Swifter Than a Bird Flies: An Account of Riding the First Passenger Train - benbreen
https://www.brainpickings.org/2016/08/26/fanny-kemble-railroad/
======
melling
The 21st century has transformed rail again. We'll look back in another 10
years and realize what a difference high-speed rail made to a nation's
infrastructure.

The first 12,000 miles are done. Another 12,000 to go...

[https://en.m.wikipedia.org/wiki/High-
speed_rail_in_China](https://en.m.wikipedia.org/wiki/High-speed_rail_in_China)

------
Animats
Yes. 15 September 1830 - the day the industrial revolution got out of beta.

There had been steam engines for a century, and there were earlier steam
locomotives, but they were demos and one-offs. The Liverpool and Manchester
Railway had about a dozen similar locomotives. They had stations, signals,
double-track line, carriages, schedules, and tickets. For the first time, all
the necessary parts were in place and running in paid service.

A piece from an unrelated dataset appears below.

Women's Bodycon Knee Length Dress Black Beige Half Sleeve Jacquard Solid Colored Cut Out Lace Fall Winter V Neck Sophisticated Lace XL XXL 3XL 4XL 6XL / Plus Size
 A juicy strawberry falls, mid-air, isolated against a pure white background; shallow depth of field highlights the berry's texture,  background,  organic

Suddenly, there was technology.

------
PaulRobinson
The Rocket (the machine in this account) is at London's Science Museum, South
Kensington, in the same large room/hall as a jet-powered Rover car, an Apple I
and a Cray I and a very early form of an ECG machine (no I don't know why
either - seemed to be running out of space on the ground floor).

Interestingly Manchester's Science Museum which is run by the same group is
built around the World's first train station from which the Rocket served
passengers to and from Liverpool.